From Wednesday, February 10, to Sunday, June 6, the Palmer Museum will feature “Field Language: The Painting and Poetry of Warren and Jane Rohrer.” This exhibit displays the art of a married couple, Warren and Jane Rohrer, who share a background with Mennonite farm families.

Warren’s paintings feature cultivated fields of southcentral Pennsylvania. Meanwhile, Jane’s poems feature a modern look into her experience with traditional agricultural life.

During this time frame, there will also be a virtual exhibition, “Pennsylvania Scenery: Early Landscape Prints from the Tavern Collection.” The “Tavern Collection” by John C. O’Connor and Ralph M. Yeager’s were originally decorations at the Tavern in downtown State College.

“Tavern Collection” is influenced by early 19th-century literary journals and publications that commemorated American landscapes.

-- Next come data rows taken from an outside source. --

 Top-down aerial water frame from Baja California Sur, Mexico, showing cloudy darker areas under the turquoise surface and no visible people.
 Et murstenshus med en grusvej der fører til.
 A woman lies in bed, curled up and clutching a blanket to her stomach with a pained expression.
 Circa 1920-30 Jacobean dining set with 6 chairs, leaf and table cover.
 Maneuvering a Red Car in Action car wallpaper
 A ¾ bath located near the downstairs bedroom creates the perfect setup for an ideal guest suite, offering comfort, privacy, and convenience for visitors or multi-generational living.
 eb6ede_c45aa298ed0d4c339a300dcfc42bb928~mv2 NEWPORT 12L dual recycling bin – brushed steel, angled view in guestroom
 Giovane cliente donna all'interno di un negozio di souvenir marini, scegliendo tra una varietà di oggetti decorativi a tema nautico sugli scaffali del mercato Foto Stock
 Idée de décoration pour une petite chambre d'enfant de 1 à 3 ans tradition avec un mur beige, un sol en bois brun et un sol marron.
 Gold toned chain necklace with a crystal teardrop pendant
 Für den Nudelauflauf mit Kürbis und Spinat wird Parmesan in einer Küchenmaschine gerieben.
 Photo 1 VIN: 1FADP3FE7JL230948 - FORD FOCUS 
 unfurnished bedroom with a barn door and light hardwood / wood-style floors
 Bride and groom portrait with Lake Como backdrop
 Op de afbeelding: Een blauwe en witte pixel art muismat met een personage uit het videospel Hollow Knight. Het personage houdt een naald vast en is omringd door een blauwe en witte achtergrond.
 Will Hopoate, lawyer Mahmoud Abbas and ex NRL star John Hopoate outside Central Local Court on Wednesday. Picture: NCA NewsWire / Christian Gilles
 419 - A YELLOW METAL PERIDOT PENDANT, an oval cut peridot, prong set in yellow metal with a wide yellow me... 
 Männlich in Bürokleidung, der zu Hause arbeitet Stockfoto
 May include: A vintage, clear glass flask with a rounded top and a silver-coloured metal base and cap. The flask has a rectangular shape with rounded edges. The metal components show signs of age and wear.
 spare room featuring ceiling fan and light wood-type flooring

They were gifted to the Palmer Museum roughly 35 years ago. The virtual exhibition can be viewed here.

From Wednesday, February 10 to Sunday, May 9, a display titled “The Wit and Whimsy of Lucille Corcos” will be shown. It will exhibit Lucille Corcos’s watercolor paintings that were pivotal to her career from the 1930s to the 1950s. This will be the museum’s first exhibition devoted to Corcos in 22 years.

From Sunday, March 28, to Sunday, July 11, the museum will showcase art from the Palmer Museum’s permanent collection and the Philadelphia Museum of Art’s collection. The art on display will be Warren Rohrer and Alma Thomas’s works about the natural world, as well as works by Norman Lewis, Leonard Nelson, Mark Tobey, Henry Pearson, and Alan Gussow.

From May Sunday, 23 to Sunday, August 22, visitors can visit the exhibition, “Summer Light: American Impressionist Paintings from the Thomas Clark Collection.” As an effort to welcome summer, the museum is showing 25 works that explore “the durability and dissemination of Impressionism in the United States between about 1910 and 1940.”

The featured artists include Maurice Braun, Hayley Lever, George Loftus Noyes, Carl Peters, Jane Peterson, Mabel May Woodward, and many others. This collection is on a loan from Thomas Clark, who intends to give the art to the Palmer Museum.

From Wednesday, August 4, to Sunday, December 12, the museum will feature an exhibit titled, “Global Asias: Contemporary Asian and Asian American Art from the Collections of Jordan D. Schnitzer and His Family Foundation.”

It will present Jordan D. Schnitzer’s work that highlights contemporary Asian and Asian American artists that diversify Asia in a modern and global way.

From Wednesday, August 11, to Sunday, December 5, “Ukiyo-e: Images of the Floating World, Japanese Woodblock Prints from the Permanent Collection” will be on display. The focal point of his exhibition is the art of ukiyo-e, which means “pictures of the floating world.”

This display involves contemporary pleasure, fashion, and attitudes and will feature 16 Japanese woodblock prints that were given to the Palmer Museum by William E. Harkins, a 1942 Penn State alumni.

The final exhibition will take place from Tuesday, September 7 to Sunday, December 12. It is titled, “Place to Place: Recent Gifts of American Drawings and Watercolors, 1900-1950.”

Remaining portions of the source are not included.